Ohio Farm Bureau Federation (OFBF) is pleased with a recent ruling from the Ohio Supreme Court that upholds the private property rights of landowners along Lake Erie.
OFBF filed an amicus brief in the case in September 2010 at the request of the Lake County Farm Bureau.
“Our chief concern centered on arguments being advanced by the State of Ohio and environmental groups that, if accepted by the court, would have stripped farmers and other landowners of their private ownership of the riverbeds, streambeds and lake beds of all ‘navigable’ rivers, streams and in-land lakes in Ohio,” said Chad Endsley, OFBF director of agricultural law.

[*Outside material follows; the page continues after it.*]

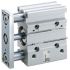 SMC Pneumatic Guided Cylinder - Series MGP, 20mm Bore, 50mm Stroke, MGP Series, Double Acting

Endsley said the state’s request would have undone two centuries worth of Ohio law, which since 1828 has said owners of property bordering rivers, streams and in-land lakes hold title to the land extending to the center of the water body.
The state’s request could have granted the public the right to walk along, camp, fish, bird watch and otherwise use for recreational purposes the dry land alongside privately owned “navigable” rivers, streams or in-land lakes, as long as they stayed below the “high water mark.”
“Fortunately, the Ohio Supreme Court did not accept the far-reaching arguments advanced by the State of Ohio and environmental groups,” Endsley said. “Instead, the court upheld existing Ohio law and stated that the territory of Lake Erie held in trust by the State of Ohio for the people of the state extends to the natural shoreline, which is the line at which the water usually stands when free from disturbing causes.”
The court did not accept the state’s invitation to extend the public trust territory to the high water mark, or to apply the legal principles applicable to Lake Erie (including ownership of the lake bed and the public’s rights to use and enjoyment of such property) to other Ohio water bodies, Endsley said.